>>>>

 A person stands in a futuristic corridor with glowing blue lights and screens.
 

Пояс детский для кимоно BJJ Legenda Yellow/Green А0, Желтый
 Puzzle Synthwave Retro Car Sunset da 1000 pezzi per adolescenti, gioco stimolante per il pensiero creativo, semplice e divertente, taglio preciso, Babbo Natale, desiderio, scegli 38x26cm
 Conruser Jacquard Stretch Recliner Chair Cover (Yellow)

<<<<

* Exercise directions
Which lines above contain "Yellow"? Show each of them.

* Result
Пояс детский для кимоно BJJ Legenda Yellow/Green А0, Желтый
 Conruser Jacquard Stretch Recliner Chair Cover (Yellow)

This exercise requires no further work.